§ **Assignment**:
None of the images should appear in your copy. Transcribe the data in full.

§ **Dataset extract**:
☆ ☆ ☆ ☆

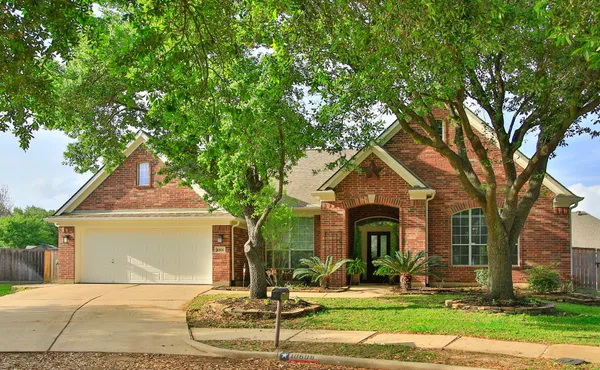 $450,000 | 10606 Steppinstone Court, Spring, TX 77379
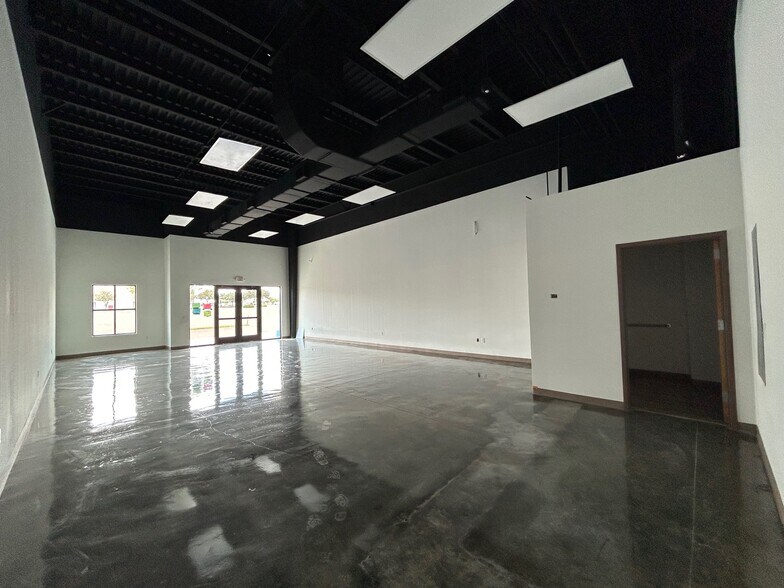 More Photos Of 2411 Jacaman Rd, Laredo Storefront For Lease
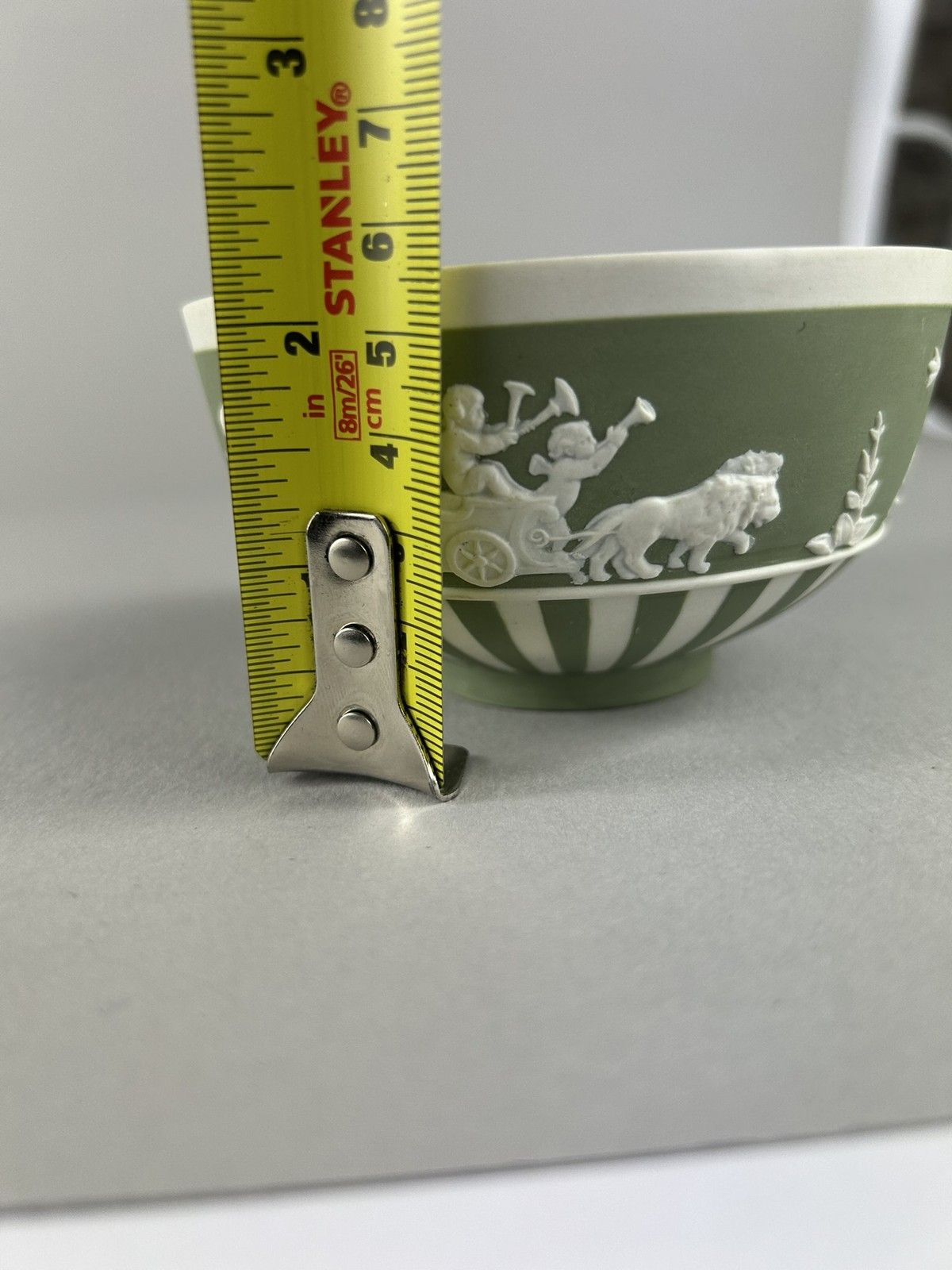 photo furniture Wedgwood 1955 Green Jasperware Cherub Lion Chariot Bowl 10cm England
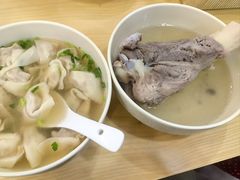 -周震馄饨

☆ ☆ ☆ ☆

§ **Answer for this exercise**:
 $450,000 | 10606 Steppinstone Court, Spring, TX 77379
 More Photos Of 2411 Jacaman Rd, Laredo Storefront For Lease
 photo furniture Wedgwood 1955 Green Jasperware Cherub Lion Chariot Bowl 10cm England
 -周震馄饨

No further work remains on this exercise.